AFAIK, Rust could allow the other two cases (and others), because there are no statements or expressions that begin with as or ==.

[steveklabnik]

/cc @rust-lang/lang , is this grammar correct or just incidental?

(tagging with lang until I know what they want, and I'll document that.)

[nikomatsakis]

Hmm, interesting question! I think the reference grammar is correct here, and rustc is not working properly. The rule is that "statement-like" expressions cannot take part in binary expressions; I think that should include the . operator.
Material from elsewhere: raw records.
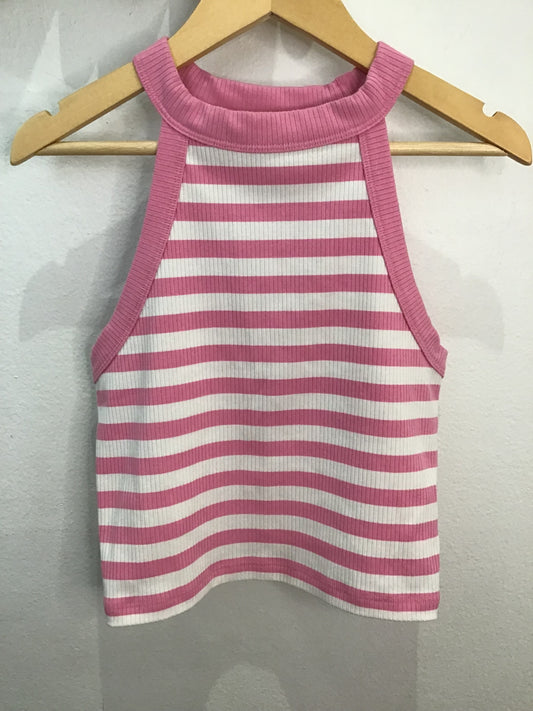 Tanktop crop pink stripe- adult XS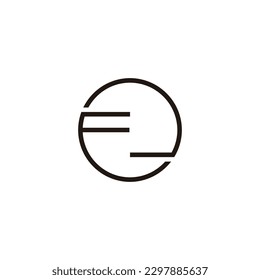 Letter F and number 2, circle line geometric symbol simple logo vector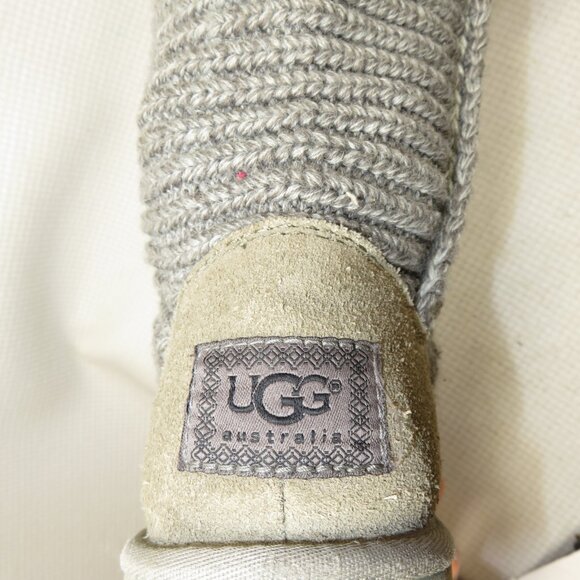 UGG Classic Cardy 5819 Knit Boots Gray Women's Size 7 - Picture 9 of 13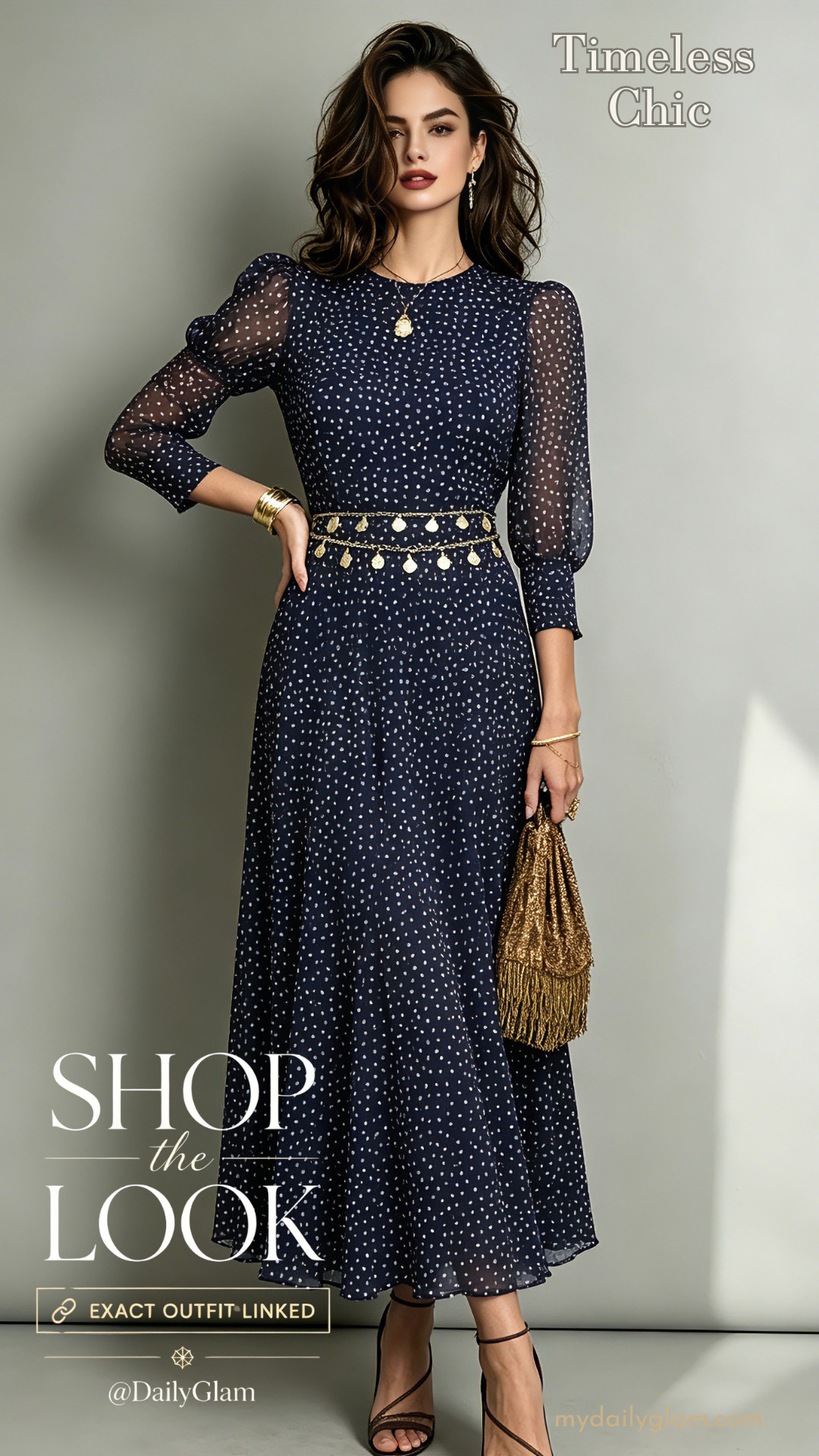 Navy Polka Dot Sheer Sleeve Midi Dress Outfit
#PolkaDotDress #MidiDress #WeddingGuestOutfit #SemiFormalWear #ChiffonDress 

 #LTKootd #LTKOver40 #LTKWorkwear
I think that the code incorrectly permits block expressions to be used with the "suffix" operators (., [], ()). But there are some weird edge cases too:

For example, this fails to compile:

fn foo(x: u32) { }
fn main() {
  let f = foo;
  { f } (22)
}

but the error it gives me is surprising:

<anon>:4:5: 4:6 error: mismatched types:
 expected `()`,
    found `fn(u32) {foo}`
(expected (),
    found fn item) [E0308]
<anon>:4   { f } (22);
             ^
<anon>:4:5: 4:6 help: see the detailed explanation for E0308
error: aborting due to previous error
playpen: application terminated with error code 101

[rprichard]

If {1} is a statement-like expression, then it can appear in a binary expression. This is accepted by rustc and parser-lalr:

fn main() {
  1 == {1};
  1 == ({1} + {1});
}

As the LALR grammar describes it, a semicolon-terminated expression statement is a nonblock_expr non-terminal. A nonblock_expr can be a binary operation, and the LHS must also be a nonblock_expr, whereas the RHS can be an arbitrary expr. I can't think of a nicer way to describe the rule at the moment.

Both parsers reject this:

fn main() {
  {1} == 1;
}

I discovered an interesting case, though:

fn main() {
  let x = { 1 + {2} * {3} };
  println!("{}", x);
}

This code parses and compiles, but the two parsers disagree on what it should output.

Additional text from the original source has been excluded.